# Pitts and Spitts offset smoker for sale



## bowmansdad (Nov 29, 2011)

I'm selling my smoker due to lack of use. Always been garaged and never left out in the weather. Pit is 18x30 with 2 racks, 28x17 and 28x7. Pit is stainless steel with a roll top lid with firebox 1/4"+ metal. No issues whatsoever and will last forever.
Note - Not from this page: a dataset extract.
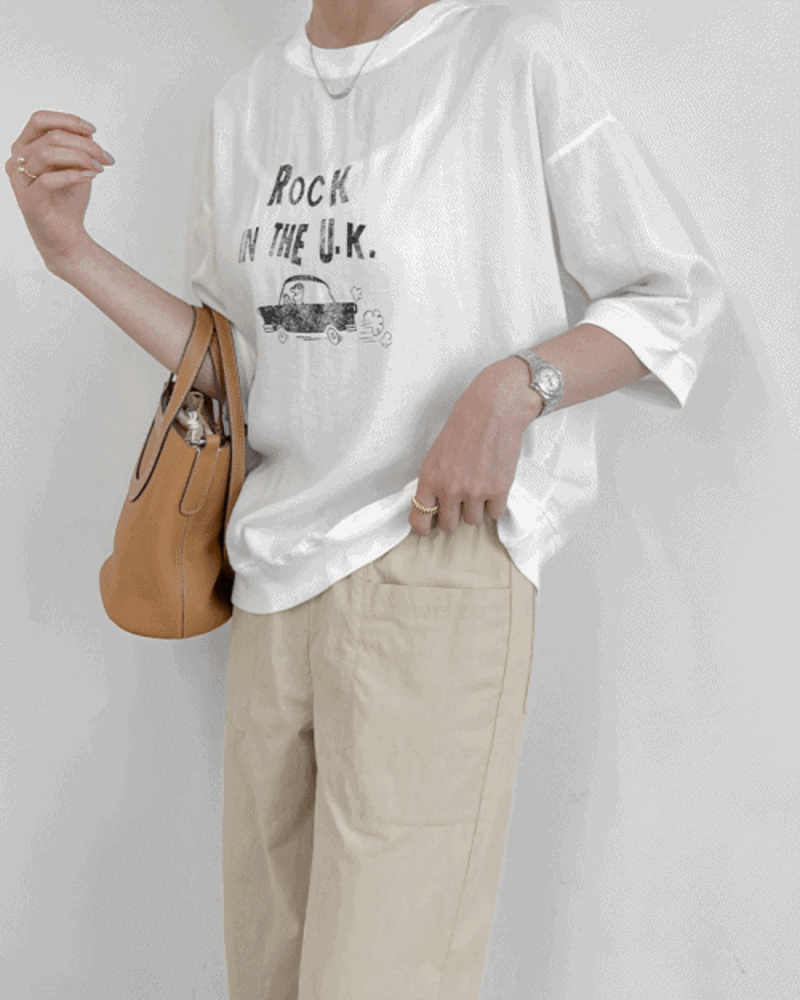 모모 루즈핏 맨투맨 티셔츠(텐셀/린넨혼방)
It's big enough for 2 briskets and a rack of ribs, or 4 chickens and ribs or 4 racks of ribs, etc. 2coolers have 1st shot, asking $850 call 83twotwo21seven86two.


----------



## bowmansdad (Nov 29, 2011)

I can't rotate this but I can email pics.


----------



## jreynolds (Jul 19, 2010)

*Here ya go*

Nice pit


----------



## bowmansdad (Nov 29, 2011)

Thanks, jreynolds!


----------



## bowmansdad (Nov 29, 2011)

Still for sale.


----------



## Dick Hanks (Aug 16, 2007)

bowmansdad said:


> Still for sale.


 Just a "heads up" for Ya: If you find this post deleted, it's because the sticky post at the top of this forum tells you not to post sale items. If they delete it, repost it in the "for sale" section that they directed you to.


----------



## bowmansdad (Nov 29, 2011)

Dick Hanks said:


> Just a "heads up" for Ya: If you find this post deleted, it's because the sticky post at the top of this forum tells you not to post sale items. If they delete it, repost it in the "for sale" section that they directed you to.


Thanks!


----------



## bowmansdad (Nov 29, 2011)

Please delete.


----------